> **The task**:
Would you copy only the lines below, beginning with the one that contains "House for sale in Yazoo City, Mississippi" and running through the last entry line?

> **Input records**:
::::

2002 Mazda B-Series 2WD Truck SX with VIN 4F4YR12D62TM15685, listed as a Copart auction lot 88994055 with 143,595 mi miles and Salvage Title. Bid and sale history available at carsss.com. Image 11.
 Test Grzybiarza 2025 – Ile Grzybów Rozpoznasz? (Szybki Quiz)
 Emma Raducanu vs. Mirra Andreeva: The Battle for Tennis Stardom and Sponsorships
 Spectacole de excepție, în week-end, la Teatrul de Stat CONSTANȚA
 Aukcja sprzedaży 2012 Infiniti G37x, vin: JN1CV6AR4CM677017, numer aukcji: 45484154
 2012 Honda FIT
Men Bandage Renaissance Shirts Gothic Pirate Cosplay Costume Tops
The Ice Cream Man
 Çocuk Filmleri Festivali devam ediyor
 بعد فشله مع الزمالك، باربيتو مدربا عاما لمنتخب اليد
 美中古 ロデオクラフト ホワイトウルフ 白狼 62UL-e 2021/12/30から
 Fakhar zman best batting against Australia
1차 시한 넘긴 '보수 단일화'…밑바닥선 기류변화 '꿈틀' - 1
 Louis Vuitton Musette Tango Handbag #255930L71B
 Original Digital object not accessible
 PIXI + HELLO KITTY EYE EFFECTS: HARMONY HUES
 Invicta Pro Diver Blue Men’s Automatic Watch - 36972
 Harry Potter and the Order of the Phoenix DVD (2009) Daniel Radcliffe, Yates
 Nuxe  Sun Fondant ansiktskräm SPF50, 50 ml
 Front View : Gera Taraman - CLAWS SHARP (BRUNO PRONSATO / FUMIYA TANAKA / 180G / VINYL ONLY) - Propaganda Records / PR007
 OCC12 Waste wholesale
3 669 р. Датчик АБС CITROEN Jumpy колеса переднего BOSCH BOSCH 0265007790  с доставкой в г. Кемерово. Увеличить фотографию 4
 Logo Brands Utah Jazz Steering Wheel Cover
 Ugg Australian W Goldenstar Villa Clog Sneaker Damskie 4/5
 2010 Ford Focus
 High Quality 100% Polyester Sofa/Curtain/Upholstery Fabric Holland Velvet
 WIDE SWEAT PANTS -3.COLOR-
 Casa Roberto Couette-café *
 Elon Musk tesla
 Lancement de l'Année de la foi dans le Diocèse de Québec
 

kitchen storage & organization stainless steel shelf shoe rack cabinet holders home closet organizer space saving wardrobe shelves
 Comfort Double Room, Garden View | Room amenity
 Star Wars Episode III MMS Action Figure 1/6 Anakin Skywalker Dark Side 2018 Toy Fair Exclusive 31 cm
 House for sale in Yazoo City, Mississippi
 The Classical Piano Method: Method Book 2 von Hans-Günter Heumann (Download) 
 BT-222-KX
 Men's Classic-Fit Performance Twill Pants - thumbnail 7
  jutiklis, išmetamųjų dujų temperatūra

::::

> **Task result**:
 House for sale in Yazoo City, Mississippi
 The Classical Piano Method: Method Book 2 von Hans-Günter Heumann (Download) 
 BT-222-KX
 Men's Classic-Fit Performance Twill Pants - thumbnail 7
  jutiklis, išmetamųjų dujų temperatūra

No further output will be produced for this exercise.